Как и большинство любителей, я нескладно барабанил по клавиатуре тонального органа Хаммерштейна, и даже получал от этого занятия удовольствие. Хотя называть это творчеством было бы глупо. Можно, конечно, преуспеть в новых формах стимуляции мозга и сформировать в своей голове совершенно новые эмоции. Эмоции, которые там иным путем никогда бы не возникли. Теоретически вы можете даже преуспеть, придумав комбинацию, погружающую вас в состояние нирваны, как преуспели на этом поприще обе корпорации — Хаммерштейна и Вальтейфеля! Но это уже не музыка, а, скорее, новая разновидность наркоты, дарующая уход от действительности. Кому это нужно?!

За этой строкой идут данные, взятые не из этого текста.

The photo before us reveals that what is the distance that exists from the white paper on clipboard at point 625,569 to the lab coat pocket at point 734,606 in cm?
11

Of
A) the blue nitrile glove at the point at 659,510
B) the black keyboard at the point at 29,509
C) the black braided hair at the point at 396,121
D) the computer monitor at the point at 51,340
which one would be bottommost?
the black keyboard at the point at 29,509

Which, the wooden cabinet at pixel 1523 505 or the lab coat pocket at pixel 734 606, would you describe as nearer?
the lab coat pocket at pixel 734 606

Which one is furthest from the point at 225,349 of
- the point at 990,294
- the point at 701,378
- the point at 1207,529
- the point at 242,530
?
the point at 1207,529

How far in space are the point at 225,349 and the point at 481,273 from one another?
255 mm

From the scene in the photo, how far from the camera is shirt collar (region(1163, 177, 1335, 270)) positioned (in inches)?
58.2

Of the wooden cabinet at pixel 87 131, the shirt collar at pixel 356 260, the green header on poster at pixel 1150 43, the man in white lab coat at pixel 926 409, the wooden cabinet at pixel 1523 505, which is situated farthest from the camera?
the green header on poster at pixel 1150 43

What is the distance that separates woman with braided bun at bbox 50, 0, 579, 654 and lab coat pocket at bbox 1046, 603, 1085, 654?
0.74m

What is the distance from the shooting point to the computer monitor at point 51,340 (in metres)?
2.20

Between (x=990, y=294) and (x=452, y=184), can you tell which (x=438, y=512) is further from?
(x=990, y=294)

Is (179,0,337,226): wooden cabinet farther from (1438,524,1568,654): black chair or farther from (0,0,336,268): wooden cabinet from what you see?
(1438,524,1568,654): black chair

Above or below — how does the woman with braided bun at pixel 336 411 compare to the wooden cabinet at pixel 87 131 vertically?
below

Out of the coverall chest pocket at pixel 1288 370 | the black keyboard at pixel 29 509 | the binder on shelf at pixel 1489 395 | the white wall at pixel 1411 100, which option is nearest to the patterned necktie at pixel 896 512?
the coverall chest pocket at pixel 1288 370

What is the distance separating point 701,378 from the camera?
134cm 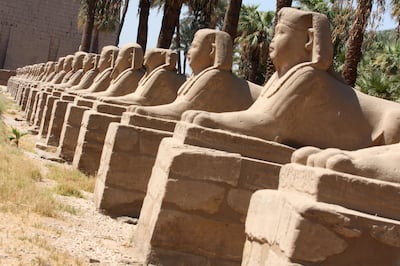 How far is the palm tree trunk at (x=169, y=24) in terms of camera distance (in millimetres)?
12930

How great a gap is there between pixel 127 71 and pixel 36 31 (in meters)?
35.6

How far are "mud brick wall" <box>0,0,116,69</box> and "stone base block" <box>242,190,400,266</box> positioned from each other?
4031cm

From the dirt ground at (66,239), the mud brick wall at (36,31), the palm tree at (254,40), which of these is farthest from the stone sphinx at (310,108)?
the mud brick wall at (36,31)

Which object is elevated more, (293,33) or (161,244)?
(293,33)

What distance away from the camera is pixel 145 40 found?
51.4ft

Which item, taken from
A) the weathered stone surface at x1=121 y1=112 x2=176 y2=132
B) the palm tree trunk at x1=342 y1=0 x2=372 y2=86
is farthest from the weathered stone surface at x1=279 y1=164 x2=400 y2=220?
the palm tree trunk at x1=342 y1=0 x2=372 y2=86

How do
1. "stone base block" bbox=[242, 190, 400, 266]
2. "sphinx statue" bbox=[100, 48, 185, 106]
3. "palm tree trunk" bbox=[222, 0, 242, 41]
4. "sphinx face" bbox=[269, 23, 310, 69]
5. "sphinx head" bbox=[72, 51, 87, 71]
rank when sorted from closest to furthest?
"stone base block" bbox=[242, 190, 400, 266] < "sphinx face" bbox=[269, 23, 310, 69] < "sphinx statue" bbox=[100, 48, 185, 106] < "palm tree trunk" bbox=[222, 0, 242, 41] < "sphinx head" bbox=[72, 51, 87, 71]

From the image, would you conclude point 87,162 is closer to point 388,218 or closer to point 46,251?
point 46,251

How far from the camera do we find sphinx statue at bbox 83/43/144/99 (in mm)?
8695

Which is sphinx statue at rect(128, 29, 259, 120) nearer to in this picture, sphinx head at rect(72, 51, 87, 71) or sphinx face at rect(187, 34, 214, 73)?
sphinx face at rect(187, 34, 214, 73)

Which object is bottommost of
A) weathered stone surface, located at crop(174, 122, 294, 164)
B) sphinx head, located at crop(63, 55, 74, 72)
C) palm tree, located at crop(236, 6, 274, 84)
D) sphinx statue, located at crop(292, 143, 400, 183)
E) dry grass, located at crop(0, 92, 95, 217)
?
dry grass, located at crop(0, 92, 95, 217)

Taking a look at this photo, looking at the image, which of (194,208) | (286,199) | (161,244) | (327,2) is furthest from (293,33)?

— Да мне это нужно! — Мори прокричал эти слова, окончательно утратив всякую надежду, пошел и нанял инженера-электронщика, уволенного из Федерального космического агентства. Мори, видимо, расчитывал что тот наскоро соорудит для нас новую версию органолы.
Конечно, Боб Банди, может, и гений по части электроники, но опыта по конструированию органол у него не было никакого. На прежнем месте он разрабатывал по заказу правительства контуры для симулакров. Симулакры — синтетические человекоподобные существа, я всю жизнь считал их роботами: время от времени их запускают в космос с мыса Доброй Надежды, используют для освоения Луны.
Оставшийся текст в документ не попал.